Sunny Li and Jerry Weng are members of a very exclusive club. Their firm, Pinpoint Asset Management, is one of only 10 mainland Chinese-owned hedge funds among the 9,431 covered by research company Eurekahedge. That makes them unusual - and valuable.
'We are being contacted on almost a daily basis by overseas institutional investors,' says Mr Li, a Georgetown MBA graduate with four years' experience in London and New York as an emerging-markets hedge fund manager at Dresdner Kleinwort Benson.
Mainland hedge funds are scarce - and hence popular - because they are not supposed to exist yet.
The practice of short selling - selling borrowed shares on the expectation their price will fall and they can be bought back later for a profit - which is the bread and butter of hedge funds in other markets, is not allowed in China. The tools to do it do not even exist.
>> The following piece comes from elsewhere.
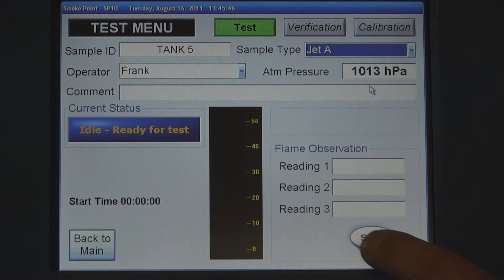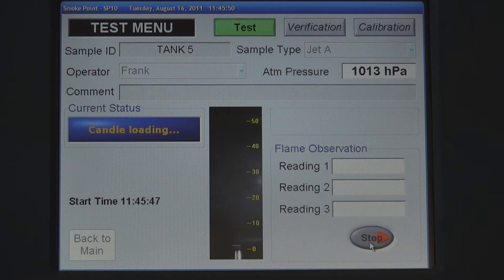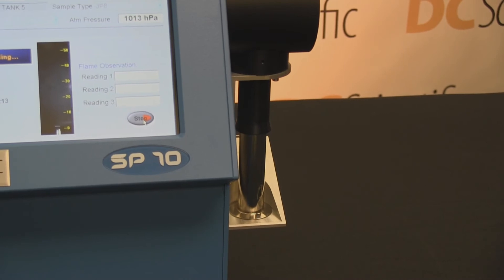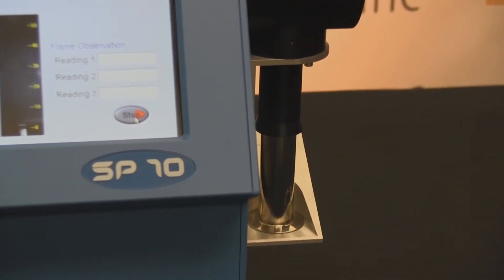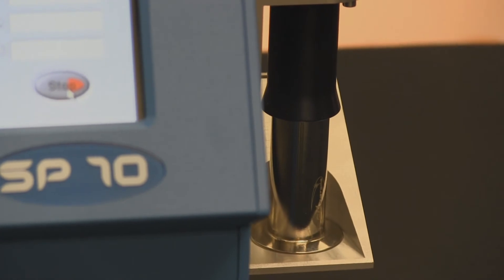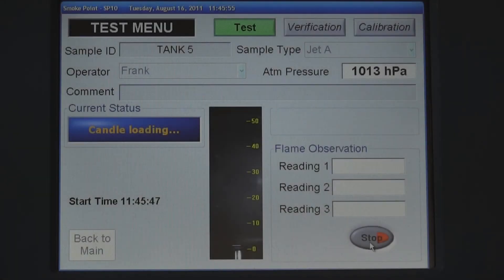Press the start button. The blue status bar on the left of the screen indicates that the candle is loading. The candle is raised into position, and the camera assures the conveyor raises the wick into position.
'Hedge funds should be able to short stocks but we can't legally short in the Chinese A-share market,' says Mr Weng, who has worked in Shanghai brokerages since the inception of China's stock markets 15 years ago. 'So we short in Hong Kong and use other overseas assets.'
Although their Shanghai-based fund is owned and operated by mainlanders, all of their US$50 million under management comes from the offshore assets of 'high net-worth individuals' - 60 per cent of whom live in China, with the rest in the United States, New Zealand, Hong Kong and Australia.